- Born: 13 May 1919 Prestwich, Lancashire, (now Greater Manchester), England
- Died: 7 January 1988 (aged 68) Gillingham, Kent, England
- Occupation(s): Television producer, director
- Years active: 1947–1986
- Known for: Some Mothers Do 'Ave 'Em
- Notable work: Head of comedy at the BBC (1967–1972), producer at Thames Television
- Spouse: Valerie Leon ​(m. 1974)​
- Children: 2

= Michael Mills (British producer) =

British producer and director (1919–1988)

Michael Mills (13 May 1919 – 7 January 1988) was an English television producer and director who served as the BBC's Head of Comedy from 1967 until 1972.

==Early life and career==
Mills was born in Prestwich, Lancashire (now part of Greater Manchester), England. He joined the BBC before the Second World War as a sound effects operator, and served in the Free French Navy (on secondment from the Royal Navy) during hostilities, where he undertook revue-type shows.

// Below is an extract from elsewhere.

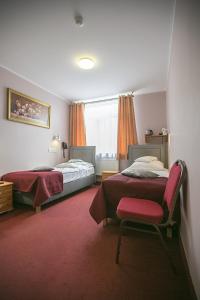 Ένα ή περισσότερα κρεβάτια σε δωμάτιο στο Hotel Unibus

In 1947, he returned to the BBC, as a light entertainment producer. Yvonne Littlewood, at the time his personal assistant, recalled one live production of the three act Vivian Ellis musical Jill Darling in February 1949 which used both studios at Alexandra Palace, the set being changed in one while the second act was being broadcast.

Mills served as the BBC's Head of Comedy from 1967 to 1972. According to creator Jimmy Perry, it was Mills who in 1968 suggested that a forthcoming series should be titled Dad's Army instead of The Fighting Tigers, and that John Le Mesurier should play the Sergeant and Clive Dunn, Corporal Jones. Mills thought Frankie Howerd's role in the British stage production of A Funny Thing Happened on the Way to the Forum could be the basis for a series. This became Up Pompeii! (1969–70). Mills was also responsible for commissioning the sitcom The Liver Birds in 1969.

While the first series of Monty Python's Flying Circus (1969) was still being transmitted, he wrote to John Cleese: "The shows seem to be getting better and better and this is a view shared by most people who see it." Offering him a role in the second series, Mills had been told by Barry Took that Cleese was unsure about continuing: "I do hope you will be able to take part both as a writer and performer because the show would lose a great deal if you are not one of them."

==Last years==
Mills was the original producer of television series Some Mothers Do 'Ave 'Em (1973–1975), and briefly supervised Wodehouse Playhouse (1976). He joined Thames Television around this time, where he remained for the rest of his career. At Thames, he was responsible for the production of such series as Get Some In! (1975–1978) and Chance in a Million (1984-1986).

==Personal life==
From 1974 until his death, Mills was married to the actress Valerie Leon. The couple had two children; a son, Leon, and daughter Merope Mills, who has worked for The Guardian newspaper.

Michael Mills died in Gillingham, Kent, in 1988.